Dataset content: Begin

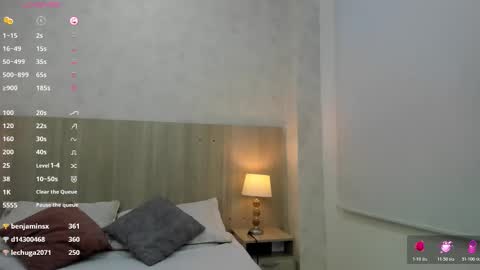   online show from November 14, 11:21 am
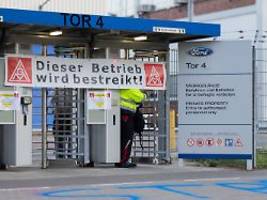Wir lassen niemanden rein: Kölner Ford-Beschäftigte streiken erstmals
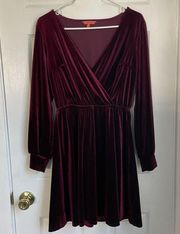 Modcloth Luxe Structure Burgundy Velvet Dress Bishop Sleeve Mini V-Neck size M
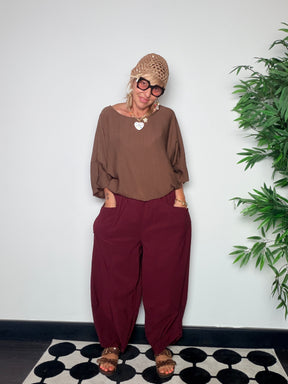 Pantalone Baggy Bengalina con Pince — Bordeaux / Nero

Dataset content: End

Exercise
Could you reproduce the listing above exactly and drop every picture?

Task solution
   online show from November 14, 11:21 am
Wir lassen niemanden rein: Kölner Ford-Beschäftigte streiken erstmals
 Modcloth Luxe Structure Burgundy Velvet Dress Bishop Sleeve Mini V-Neck size M
 Pantalone Baggy Bengalina con Pince — Bordeaux / Nero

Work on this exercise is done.